Funded by David Rockefeller, CEO of Chase Manhattan Bank and Prudential Insurance, the center remains San Francisco’s largest four-tower office complex with a total area of ​​3.4 million square feet.

Boston Properties owns the four office towers and Sunstone Hotel Investors owns the Hyatt, which has more than 800 rooms and is the fifth largest hotel in the city.

The late architect John Portman designed the science-fiction-inspired hotel, the interior of which is the largest hotel lobby in the world, according to the Guinness Book of Records. It appears in the 1974 Oscar-winning film Towering Inferno as part of a fictional 138-story skyscraper in San Francisco that catches fire.

In 1974 the Chronicle’s architecture critic Allan Temko gave the hotel an enthusiastic rating, describing the lobby as “the most exciting, uninhibited and overall spectacular space in the history of this insignificant city”.

Christmas decorations will be on display in the lobby of the Hyatt Regency in San Francisco, California on Tuesday, November 26, 2019.  Several new rooms have been furnished with expansive views of the Ferry Building, Bay Bridge and the East Bay Hills.

Temko wrote that the lobby “seems to be on the move everywhere, purposely charged with wild, reckless energy” and attracting not only tourists but visitors from all over the Bay Area. He was less enthusiastic about the guest rooms, which he described as “motel-like”.

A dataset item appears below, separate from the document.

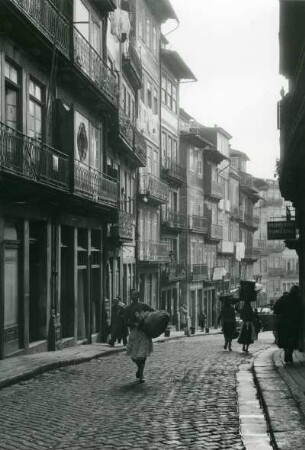 Typische Gasse, Porto, Portugal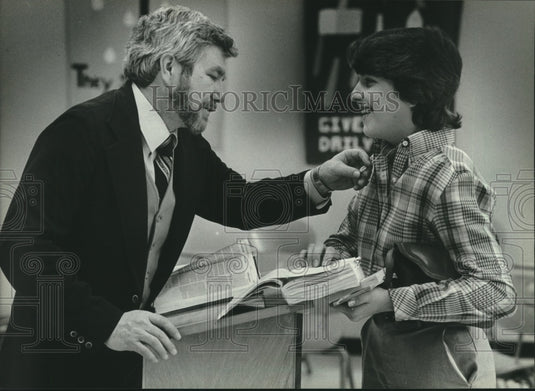1982 Press Photo Milwaukee Lutheran Religion Teacher Looks at Student's Necklace - Historic Images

The lobby once had more than 100 trees and was crowned by a revolving rooftop restaurant called Equinox, but both features have been removed. The Chronicle’s urban design critic, John King, described the hotel in 2016 as a “relic of the past”.

Andrew Wolfram, principal at TEF Design, a San Francisco architecture firm, believes the hotel is still an integral part of San Francisco architecture.

“It still really worked,” he said, but he believes recent changes to modernize the lobby have made it less noticeable. After a two-year renovation in 2018, new meeting rooms, a take-away grocery store, and a renovated lobby lounge and bar have been added.

Converting hallways to rooms is a more thoughtful way to modernize the hotel, he said.

“Buildings have evolved over time. They are looking for space that has not been used well, ”said Wolfram.